Under the hood, Elementary OS 7.1 is based on Ubuntu 22.04 and its hardware enablement stack. The latter refreshes some key components, meaning that Elementary OS supports younger hardware components than the original Ubuntu 22.04. The Linux kernel 6.2 used runs with 13th generation Intel Core processors, Intel Arc graphics and AMD Zen 4 processors.
The network widget in the panel has received a visual makeover. Among other things, it gives the network interfaces more meaningful names and dealing with VPNs should now be much easier. Furthermore, airplane mode can be switched on and off more quickly. The developers have also slightly tweaked the appearance in other places in Elementary OS. This means that the system settings adapt better to different window sizes.

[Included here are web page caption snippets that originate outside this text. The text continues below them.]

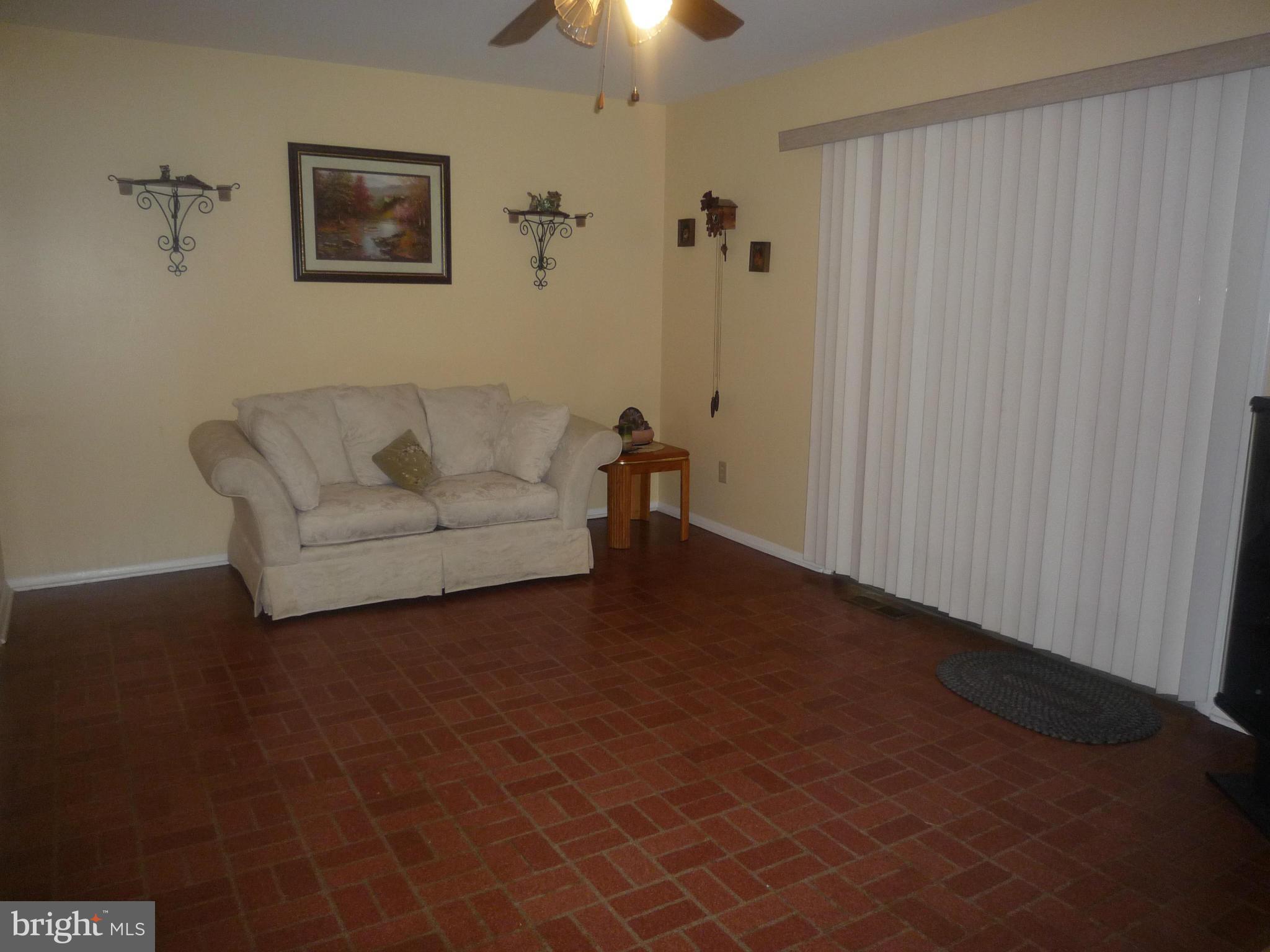 702 Shirley Manor Road Reisterstown, MD 21136 - Photo 10 of 26 Family Room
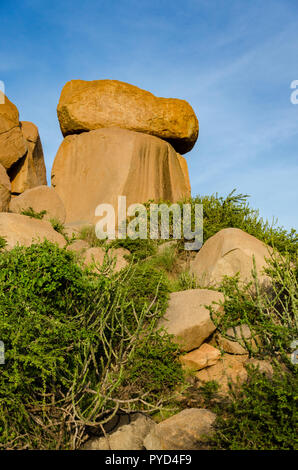 Riesige Felsbrocken balancieren prekär in der Nähe der Basis der Matanga Hill, Hampi, Karnataka, Indien über einander Stockfoto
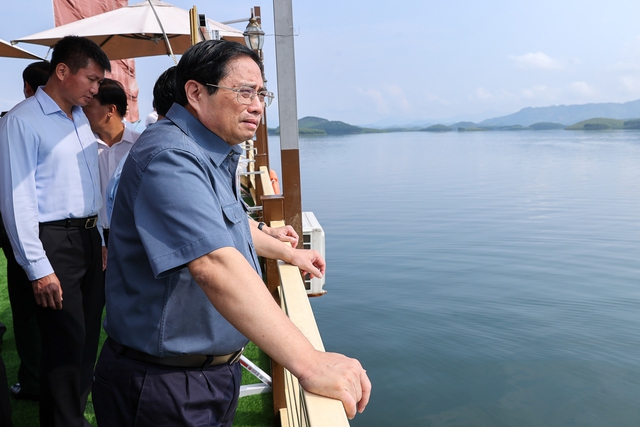 Thủ tướng Phạm Minh Chính khảo sát một số công trình, đồ án, dự án tại Yên Bái - Ảnh 2.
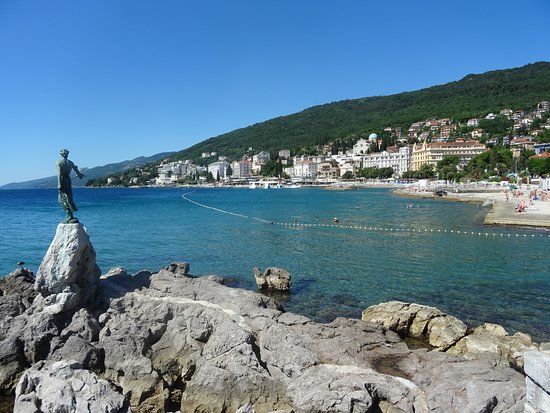 Statua della ragazza col gabbiano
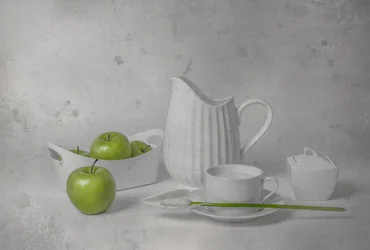 Nature morte aux pommes vertes fraîches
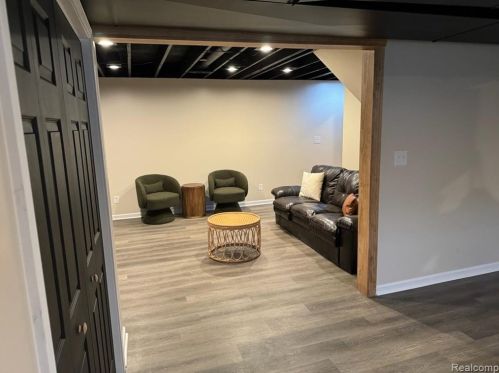 13176 Blackwood Dr, Dewitt MI 48820-8103 exterior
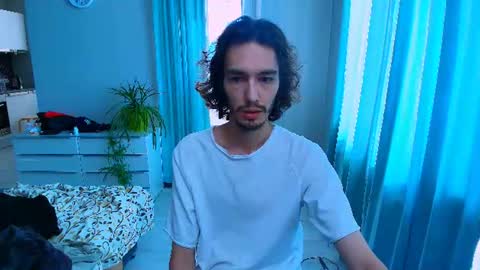 Snapshot of mitchelkurse chatting on June 2026 02:42:01 PM MitchelKurse online show from June 2026 02:42:01 PM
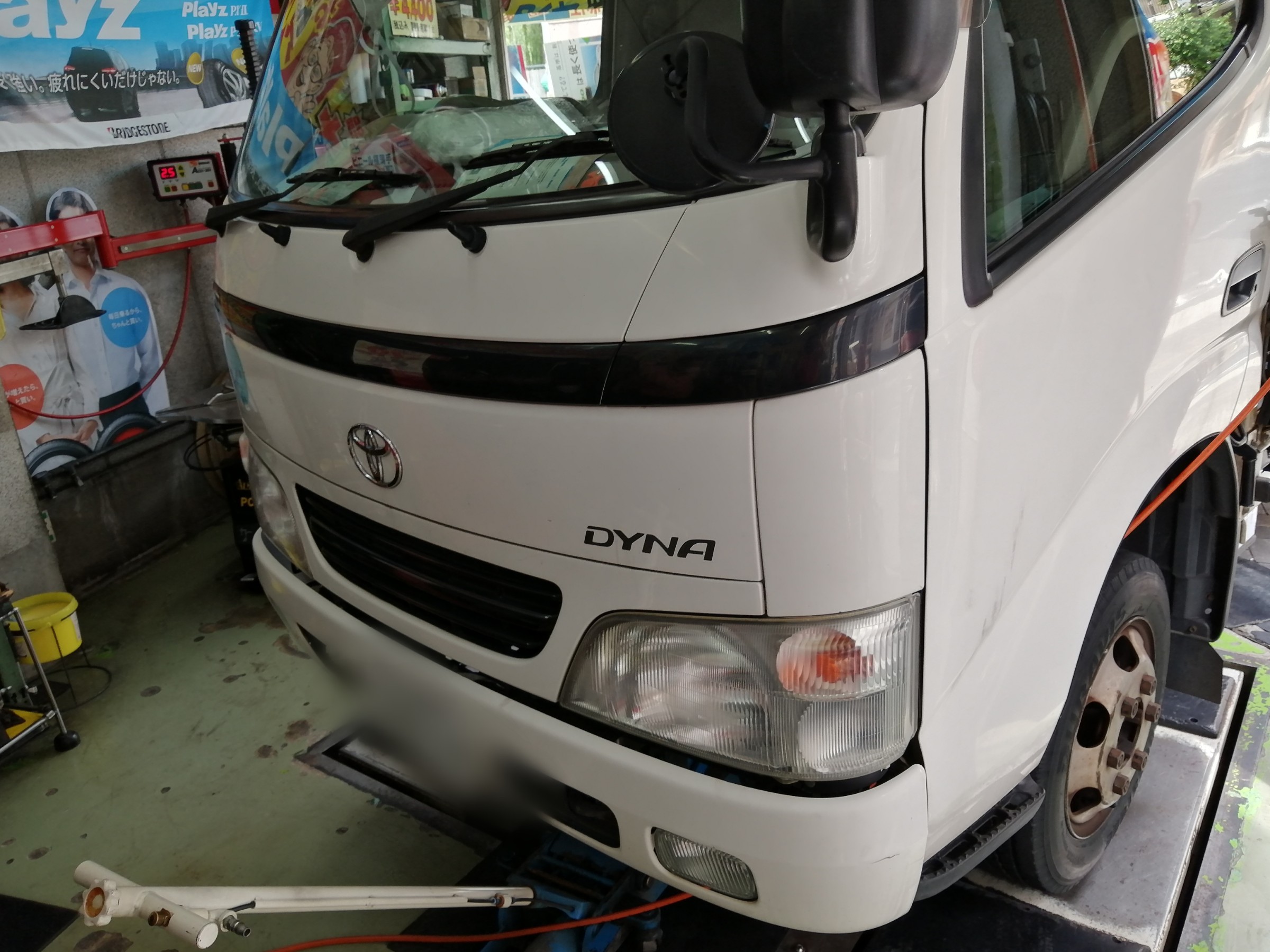 トヨタ ダイナ タイヤ交換編 (・∀・)人(・∀・)  トヨタ タイヤ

Finally, many applications are available in new versions, but all of them have only received minor changes. The current version of Mail simplifies operation in many places – for example, folders can be quickly renamed using the context menu and images can be inserted into the text of a message when composing. The revamped file manager can send files via Bluetooth and rename multiple files in one go. The text editor code handles files better that cannot be saved directly and, if desired, remembers the search settings until the next session. Videos works more stable and faster, while music accepts audio files via drag-and-drop. Users can access the Internet with the Gnome browser Web 44.6.
If you are already using Elementary OS, you should have already applied all of the changes mentioned to the system. If in doubt, it is sufficient to start the AppCenter and install all updates. Those interested can get the installation images via the Elementary OS website after specifying an amount – specifying “0” is allowed and thus allows you to try it out – and clicking on the “Buy Elementary OS” button.